Hi, y'all, long-time Mac OS X Server user Bill here with a thorny question for the mailing list since nobody at discussions.apple.com can quite put their finger on the answer. While well-aquainted with other aspects of Server, Dovecot is a bit of a mystery still to me. So here it goes:
Background
I'm struggling to migrate from MacOS X 10.6 to 10.9. I tried twice using the "live server in target disk mode" method, but after things went horribly awry (meaning I was left with no working services on the new server), I gave up on that and have been working to slowly bring services over, one at a time.
I've got both Dovecot and PostFix accepting connections from my test machine, and I am able to connect with IMAP to the new server.
What I Do...
First, I turn both mail servers off. Then I tar up the /var/spool/imap/dovecot/mail directory on the old server, move it to the new server, untar it in /Library/Server/Mail/Data/ (where it belongs), and change ownership to _dovecot:mail, all per many other suggestions found in the Apple forums. (All files appear to be in maildir format, that I can tell.)
I then turn the mail service back on on the new server.
What Dovecot Does... (or appears to do)
If I quickly connect to the new server with my IMAP client (MacOS X Mail.app) and create a "fresh user" in Mail.app, message folders appear correctly. But it's only a matter of time before Dovecot, or something, runs "doveadm index -u (usernames) (mailboxes)" on all of the mailboxes. As it does, it deletes thousands of messages, leaving, for example, the same 17 in INBOX and 3695 in "Deleted Items Archive". And 0 in others, and other seemingly-random numbers of messages in still yet others. I can watch it marching through the mailboxes, one at a time, if I "ps -ax" enough times.
What I've Done to Counteract This...
Nothing I've done so far has been able to do anything about it. Re-untar the archive, and it just does it all again. Try using dsync, and it just deletes the messages from the un-tar'd archive. In other words, there are thousands of messages in the archive which don't seem to meet Dovecot's requirement for being in that particular folder, so it deletes them. The "cur" directory in a mailbox directory may start out with >21000 messages in it, but when it's done, it'll have deleted the same messages from "cur" every time, leaving me with a fraction of what I started out with. I even used the 65-migrate_mailboxes.pl script (supplied as part of OS X 10.9 Server), and the same thing happens. (The migrate script does a lot more than just what I've noted above, but most of what it does is responsible for settings and configuration migration.
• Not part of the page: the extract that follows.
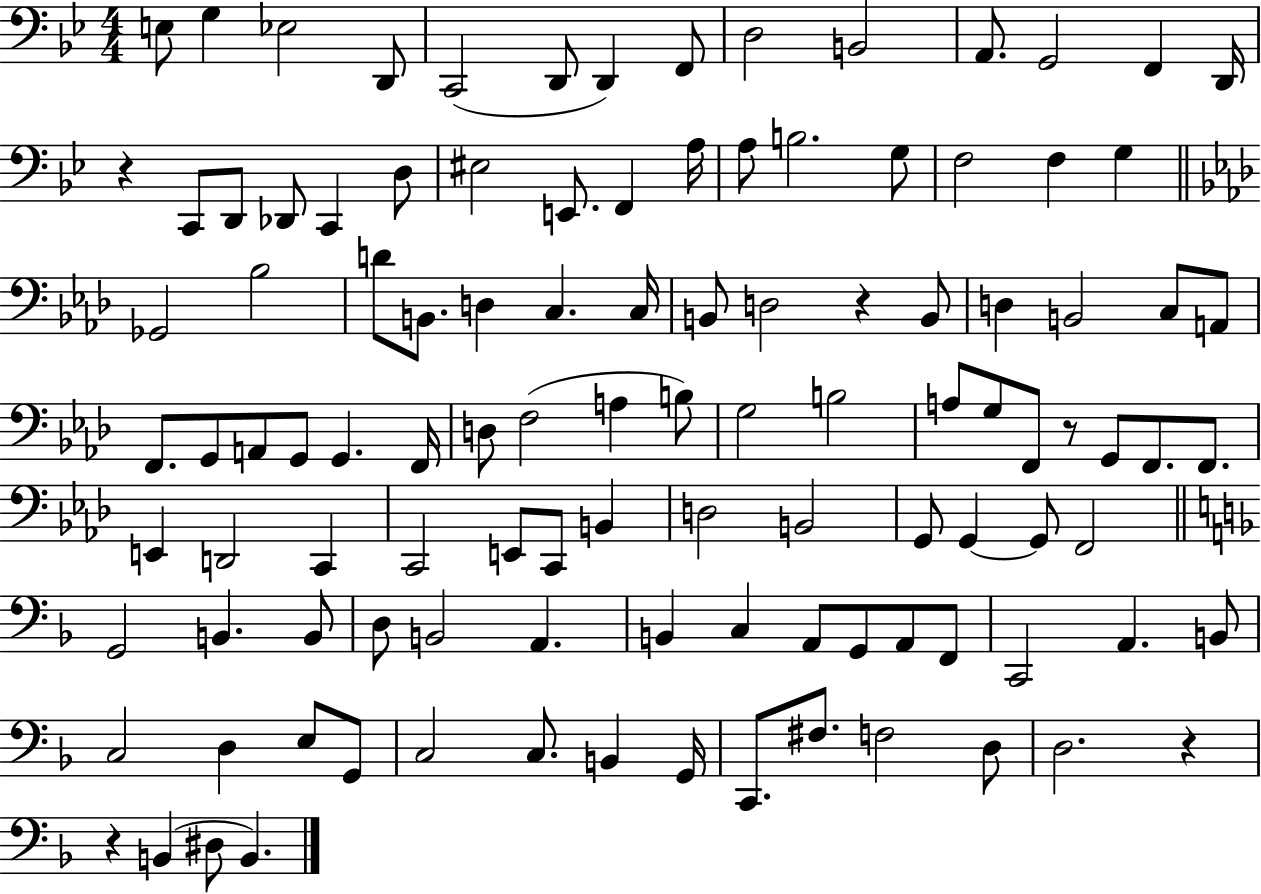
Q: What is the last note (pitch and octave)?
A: B2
Very little of the script is responsible for moving the data, and that part of the script ends up being a bunch of "cp" followed by a "chown"--essentially what I'm doing.)
The Questions
What is going on? Failing a fix, am I trying to migrate the wrong way? Is there a better way?
Random Thoughts and Observations
I've changed hostnames. The old one was shr-xs.mydomain.net, and the new one is shr-mini.mydomain.net. Is it unhappy with that for some reason?
In one of the directories where messages are deleted, there were a zillion files named like this:
1396718896.M324523P43630.shr-xs.mydomain.net,S=1209,W=1238:2,Sac
There were also a bunch of files named like this:
1211416234.cyrus.457,S=893:2,Sac
When it's all said and done, and Dovecot has done its thing, care to guess which ones are left? Only these:
1211416234.cyrus.457,S=893:2,Sac
Just to see if I could influence which files get deleted, I deleted all of the dovecot* files in the mailbox directory. And Dovecot recreated them faithfully, but still deleted all but the ones which said "cyrus" in the filenames.
I changed the hostname to match shr-xs.mydomain.net, and that doesn't seem to have affected things a bit, though I don't have enough data to support that I really succeeded in changing the hostname for all services (specifically for Dovecot).
Is Dovecot really filtering out messages that just don't seem to "belong" in the folder?
Thanks, y'all. I've puzzled on this one for about eight hours and it now hurts my brain. I hope somebody else has an answer sans brain hurts.